Summarizing the results these experiments, RNA World begins with three steps: prebiotic synthesis of the individual RNA nucleotides, assembly of intermediate chains, and then final assembly into longer chains. Ferris and Lehman between them have demonstrated steps two and three, but Ferris notes that nobody has yet demonstrated a prebiotic synthesis for individual nucleotide basis from which he constructs the RNA strands. Still, the new results are interesting enough to suggest that RNA can achieve enough complexity to transition from the chemical to the biological realms. The idea that RNA can begin to replicate itself from fragments is very exciting because it identifies the leap in complexity required to kick-start biology.
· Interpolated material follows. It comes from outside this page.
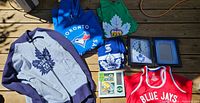 Overview of apparel including two Toronto Blue Jays hoodies, Toronto Maple Leafs apparel and Green Bay Packers framed memorabilia along with clocks.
The astrobiological implications of this work are obvious. The raw materials, the chemical ingredients for life, are known to exist everywhere in the universe, and they will be present on the surface of planets, in many cases with the liquid medium of water available to dissolve them. Once you’ve gone up the first few steps to form fifty base nucleotides, nature and natural processes take over. Life will self-assembly and a replicating molecule will emerge from the chemical mix. If it happened on Earth four billion years ago, it probably could have happened on any similar location. Removing the mystery of the formation of life of Earth will give us a much clearer sense of how often the event can occur elsewhere in the universe.